La grande coalition entre sociaux-démocrates et conservateurs en Autriche accuse le revers le plus cuisant de son histoire lors des élections législatives de dimanche en raison d'une montée de l'extrême droite, mais devrait se maintenir au pouvoir, selon de premières estimations.

Selon des estimations des instituts ARGE et SORA, les sociaux-démocrates du SPÖ arrivent en tête (26,4% à 26,7%) des suffrages, soit environ trois points de moins qu'il y a cinq ans. Son traditionnel allié gouvernemental, le Parti populaire (ÖVP, démocrate-chrétien), perd plus de deux points (23,6 à 23,8%).

Les deux grands partis du centre devraient néanmoins pouvoir reconduire un gouvernement de coalition: selon SORA, ils rassembleraient 97 sièges sur les 183 que compte le Conseil national, la chambre basse du parlement autrichien.

Le scrutin est marqué par la forte progression du principal parti d'extrême droite FPÖ, qui gagne plus de quatre points (21,9 à 22,4%).

Le FPÖ de Heinz Christian Strache, qui a prêché «l'Amour du prochain» - à condition qu'il s'agisse d'Autrichiens -, était fortement remonté dans les sondages, profitant d'une campagne terne et clientéliste des deux grands partis. «HC», comme il aime se faire appeler, avait promis «un miracle bleu», la couleur du FPÖ, lors de ces élections.

Si ces estimations sont confirmées, le SPÖ et l'ÖVP enregistreraient leur plus mauvais score depuis l'avènement de la 2e République, après l'effondrement en 1945 de la dictature nazie, alors que les Autrichiens ont privilégié depuis 68 ans les alliances entre ces deux formations, gage de stabilité dans le pays.

«Nous nous réjouissons de former le prochain gouvernement», a néanmoins réagi le chef de campagne du SPÖ, Norbert Darabos, sur la télévision publique ORF.

L'équipe menée par le chancelier social-démocrate sortant Werner Faymann, dont ce sera le second mandat, peut se targuer d'un bon bilan économique, avec un taux de chômage contenu sous les 5%. Mais les nombreux scandales de corruption de ces dernières années et les querelles internes synonymes de paralysie des réformes ont lourdement pesé sur sa popularité.
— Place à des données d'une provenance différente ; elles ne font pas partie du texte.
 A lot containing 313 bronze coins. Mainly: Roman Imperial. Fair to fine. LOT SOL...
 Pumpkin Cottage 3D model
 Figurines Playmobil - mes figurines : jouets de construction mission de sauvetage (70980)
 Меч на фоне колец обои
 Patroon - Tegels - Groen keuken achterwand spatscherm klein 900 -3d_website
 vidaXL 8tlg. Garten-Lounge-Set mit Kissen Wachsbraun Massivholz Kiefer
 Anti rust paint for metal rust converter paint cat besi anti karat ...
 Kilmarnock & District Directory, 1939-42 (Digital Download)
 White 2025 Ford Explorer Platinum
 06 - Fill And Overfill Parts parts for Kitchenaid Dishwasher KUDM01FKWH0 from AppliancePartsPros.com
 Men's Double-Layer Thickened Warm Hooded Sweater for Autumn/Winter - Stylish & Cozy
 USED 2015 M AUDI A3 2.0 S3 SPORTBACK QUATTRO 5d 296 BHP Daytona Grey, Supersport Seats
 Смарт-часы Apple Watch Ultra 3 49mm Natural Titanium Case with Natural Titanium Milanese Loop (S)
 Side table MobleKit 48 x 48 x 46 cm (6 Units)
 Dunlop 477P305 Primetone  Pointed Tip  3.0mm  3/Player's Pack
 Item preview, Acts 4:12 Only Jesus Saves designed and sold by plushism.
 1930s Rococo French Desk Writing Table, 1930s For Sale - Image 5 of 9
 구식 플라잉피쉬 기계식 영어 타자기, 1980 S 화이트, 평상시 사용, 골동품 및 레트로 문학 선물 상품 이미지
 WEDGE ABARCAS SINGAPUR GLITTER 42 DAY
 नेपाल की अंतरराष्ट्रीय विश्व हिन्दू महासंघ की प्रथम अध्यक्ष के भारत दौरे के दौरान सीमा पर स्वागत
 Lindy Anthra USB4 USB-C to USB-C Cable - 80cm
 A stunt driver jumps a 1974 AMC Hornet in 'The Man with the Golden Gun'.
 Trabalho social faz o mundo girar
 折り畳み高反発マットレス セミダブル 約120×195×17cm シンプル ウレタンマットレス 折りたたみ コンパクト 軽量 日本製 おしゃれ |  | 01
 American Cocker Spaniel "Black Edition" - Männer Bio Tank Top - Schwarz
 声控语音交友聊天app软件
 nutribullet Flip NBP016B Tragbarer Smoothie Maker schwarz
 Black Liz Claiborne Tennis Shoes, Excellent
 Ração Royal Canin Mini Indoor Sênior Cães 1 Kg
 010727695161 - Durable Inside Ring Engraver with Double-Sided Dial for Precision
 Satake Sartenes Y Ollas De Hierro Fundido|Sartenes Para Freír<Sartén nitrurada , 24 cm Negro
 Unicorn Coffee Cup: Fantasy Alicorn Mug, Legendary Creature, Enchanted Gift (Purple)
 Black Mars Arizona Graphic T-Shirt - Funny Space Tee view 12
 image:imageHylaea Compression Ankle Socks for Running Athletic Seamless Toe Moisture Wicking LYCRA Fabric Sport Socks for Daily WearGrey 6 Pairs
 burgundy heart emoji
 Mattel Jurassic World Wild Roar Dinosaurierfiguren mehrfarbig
La surprise «NEOS» et les Verts au plus haut de leur histoire

Le milliardaire austro-canadien eurosceptique Frank Stronach récolte de son côté 5,6% à 6%, alors qu'il était crédité de 12% il y a un an. Le fondateur du géant mondial de l'équipementier automobile Magna s'est décrédibilisé au cours de la campagne par ses surprenantes suggestions, notamment le rétablissement de la peine de mort pour les tueurs professionnels, la création d'un euro différent pour chaque pays ou son évocation d'une invasion de l'Autriche par la Chine.

Le nouveau petit parti libéral «NEOS», pro-européen et soutenu par l'industriel autrichien du bâtiment Hans Peter Haselsteiner, crée de son côté la sensation en réussissant à passer la barre des 4% nécessaires pour entrer au parlement (4,7 à 4,9%).

En revanche, le parti fondé à la suite d'une scission du FPÖ par le charismatique dirigeant populiste Jörg Haider, décédé dans un accident de voiture en 2008, échoue sous cette barre (3,3 à 3,7%) et est donc éliminé du parlement alors qu'il avait encore obtenu 10,70% en 2008.

Les Verts, auteur d'une efficace campagne anti-corruption, enregistrent le meilleur score de leur histoire avec 12% des suffrages selon ARGE, mais en dessous des sondages qui les créditaient de 14 à 15%.

Quelque 6,4 millions d'électeurs étaient appelés aux urnes pour élire les 183 députés de leur Conseil national, la chambre basse du parlement. La participation devrait avoir baissé de deux points, après 78,82% en 2008.